#### Work to complete
Check every line of the entries for the string "Hotel" and return the ones that contain it.

#### Brief descriptive captions

━━━━

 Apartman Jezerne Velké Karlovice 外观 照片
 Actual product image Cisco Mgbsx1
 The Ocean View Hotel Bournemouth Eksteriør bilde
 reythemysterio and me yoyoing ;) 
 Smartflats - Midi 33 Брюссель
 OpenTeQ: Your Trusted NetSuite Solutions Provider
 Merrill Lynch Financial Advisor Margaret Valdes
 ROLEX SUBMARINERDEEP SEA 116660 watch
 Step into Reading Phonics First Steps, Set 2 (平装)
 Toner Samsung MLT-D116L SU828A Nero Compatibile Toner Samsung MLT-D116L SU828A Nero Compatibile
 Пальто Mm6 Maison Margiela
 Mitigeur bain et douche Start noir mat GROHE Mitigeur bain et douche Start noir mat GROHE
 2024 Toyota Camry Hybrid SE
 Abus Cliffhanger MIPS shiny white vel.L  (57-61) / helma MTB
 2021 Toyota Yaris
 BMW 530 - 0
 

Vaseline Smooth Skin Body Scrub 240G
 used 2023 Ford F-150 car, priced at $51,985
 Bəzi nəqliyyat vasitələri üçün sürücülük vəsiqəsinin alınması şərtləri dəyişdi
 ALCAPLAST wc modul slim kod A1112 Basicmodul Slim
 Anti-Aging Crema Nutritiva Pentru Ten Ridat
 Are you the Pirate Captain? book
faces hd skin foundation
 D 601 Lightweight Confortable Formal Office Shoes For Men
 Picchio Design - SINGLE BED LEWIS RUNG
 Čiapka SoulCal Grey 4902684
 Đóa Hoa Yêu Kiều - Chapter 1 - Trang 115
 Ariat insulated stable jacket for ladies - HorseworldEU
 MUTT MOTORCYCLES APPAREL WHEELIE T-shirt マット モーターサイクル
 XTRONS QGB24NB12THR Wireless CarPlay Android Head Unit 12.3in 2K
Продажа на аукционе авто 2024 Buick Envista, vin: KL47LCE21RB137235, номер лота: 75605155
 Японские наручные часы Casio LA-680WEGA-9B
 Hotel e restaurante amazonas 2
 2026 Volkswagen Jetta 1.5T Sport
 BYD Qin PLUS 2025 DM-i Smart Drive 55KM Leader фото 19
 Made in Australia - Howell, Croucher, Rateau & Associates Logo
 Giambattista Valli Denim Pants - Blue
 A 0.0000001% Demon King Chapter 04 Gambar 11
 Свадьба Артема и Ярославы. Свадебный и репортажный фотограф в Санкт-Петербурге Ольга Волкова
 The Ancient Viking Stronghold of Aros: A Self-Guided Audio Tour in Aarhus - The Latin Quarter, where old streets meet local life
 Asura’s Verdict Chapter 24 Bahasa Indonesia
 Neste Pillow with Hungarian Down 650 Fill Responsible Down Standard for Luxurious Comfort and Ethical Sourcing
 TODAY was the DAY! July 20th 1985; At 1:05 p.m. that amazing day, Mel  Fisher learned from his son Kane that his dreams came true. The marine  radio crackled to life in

━━━━

#### Answer to this exercise
 The Ocean View Hotel Bournemouth Eksteriør bilde
 Hotel e restaurante amazonas 2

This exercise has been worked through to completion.